▸ **AIM OF THE EXERCISE**:
Repeat all of the data below word for word, keeping no images.

▸ **Pictures with short captions**:
☆ ☆ ☆
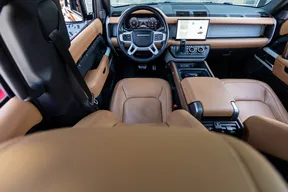 Land Rover Defender 110 2024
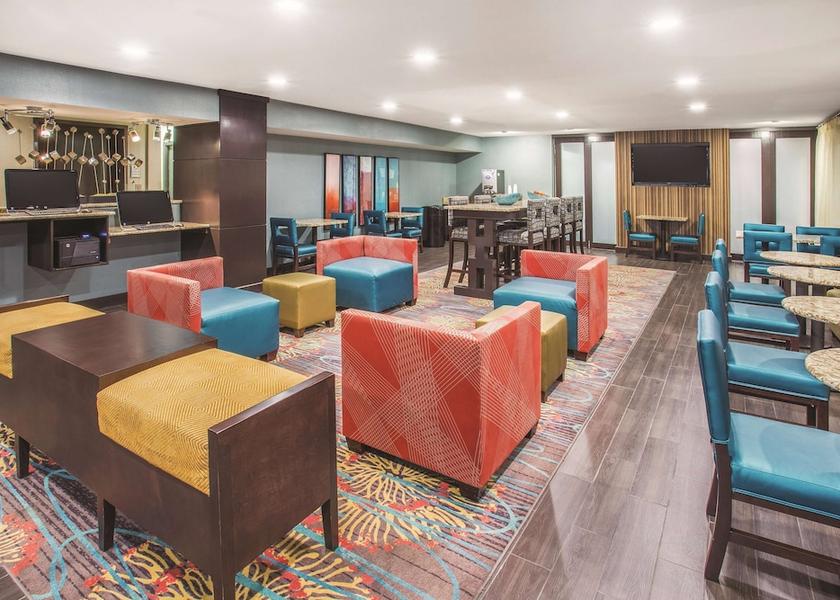 Illinois O'Fallon Lobby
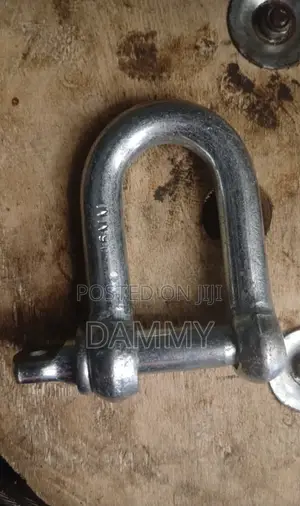 Galvanized Steel Bow Shackles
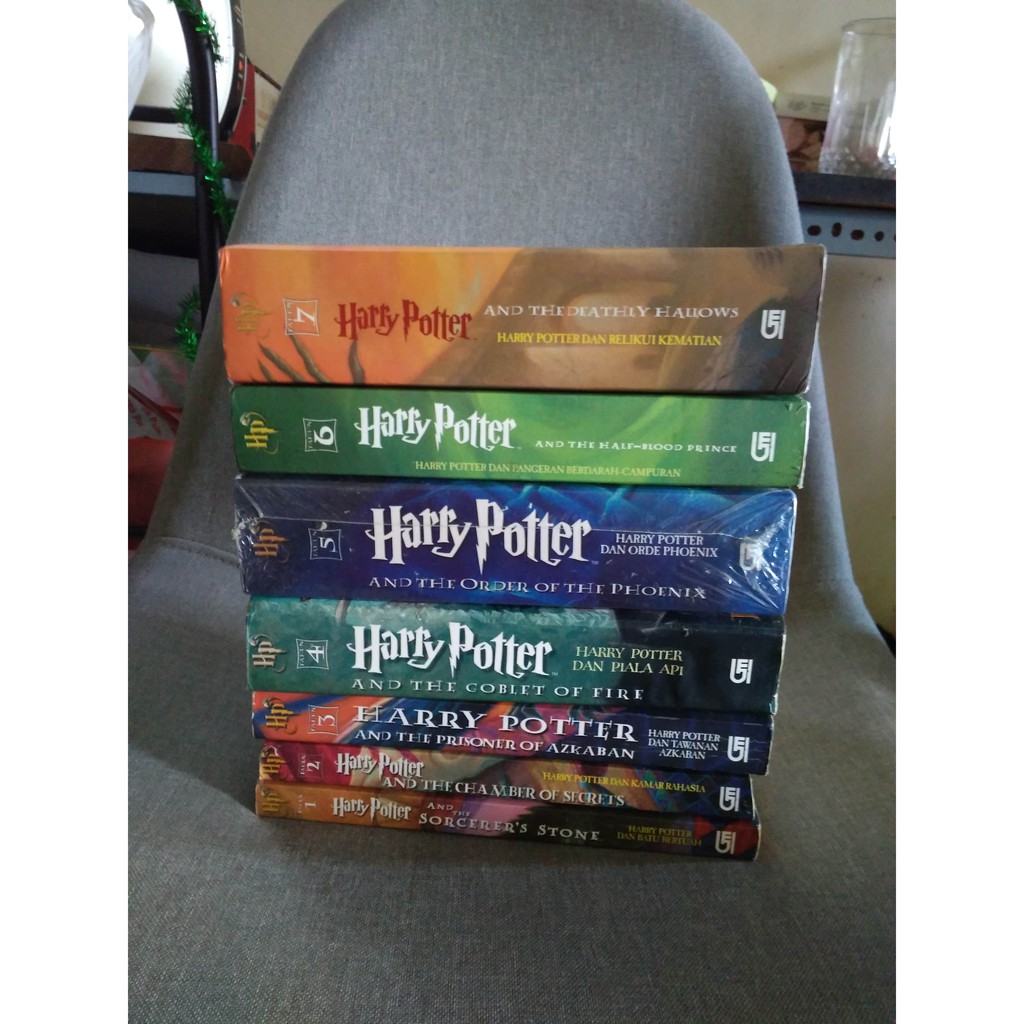 Original paket Novel Harry Potter 1-7 Lengkap - JK. Rowling | Shopee  Indonesia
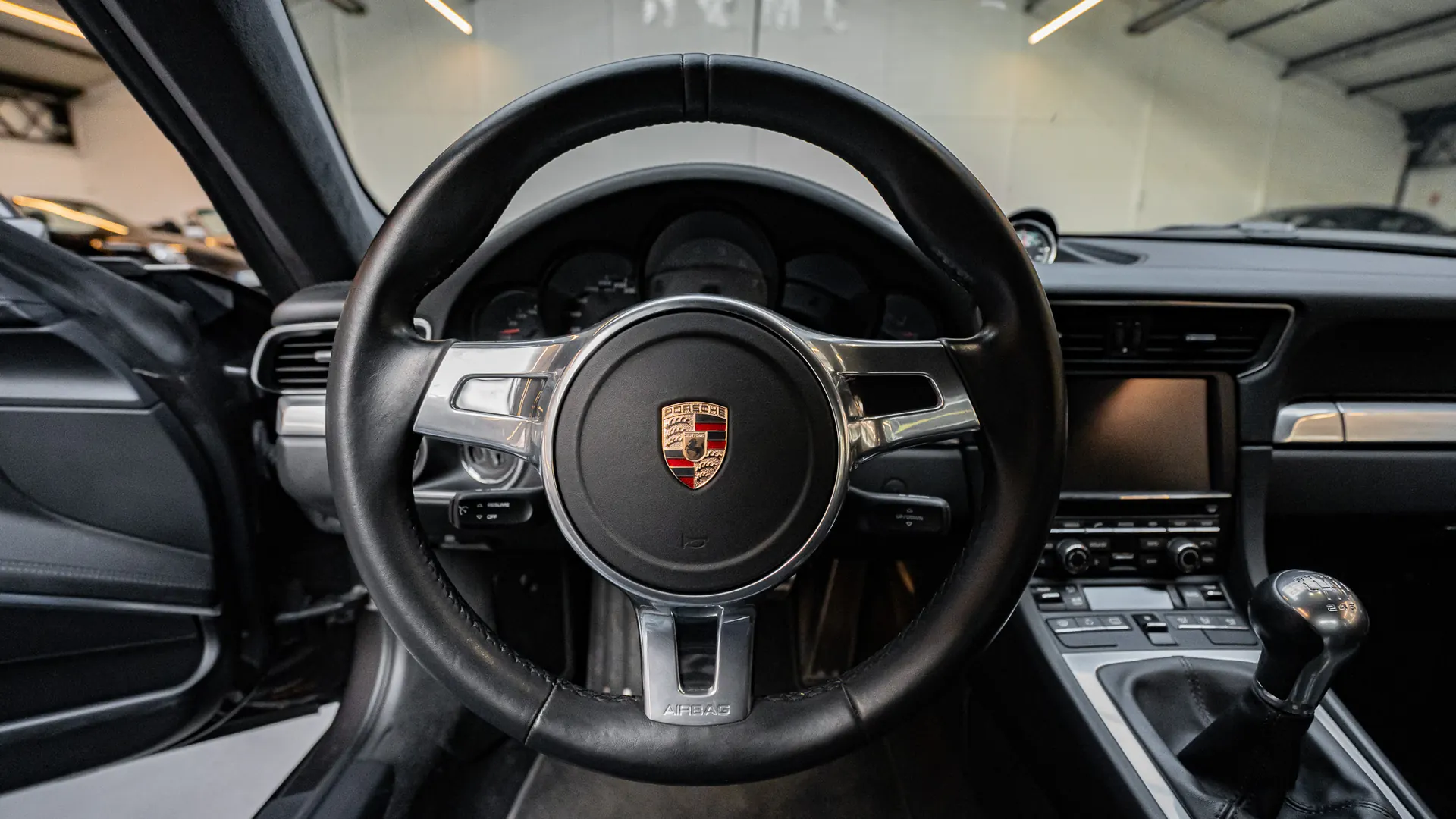 Porsche 911 — photo 15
☆ ☆ ☆
▸ **FINAL ANSWER**:
 Land Rover Defender 110 2024
 Illinois O'Fallon Lobby
 Galvanized Steel Bow Shackles
 Original paket Novel Harry Potter 1-7 Lengkap - JK. Rowling | Shopee  Indonesia
 Porsche 911 — photo 15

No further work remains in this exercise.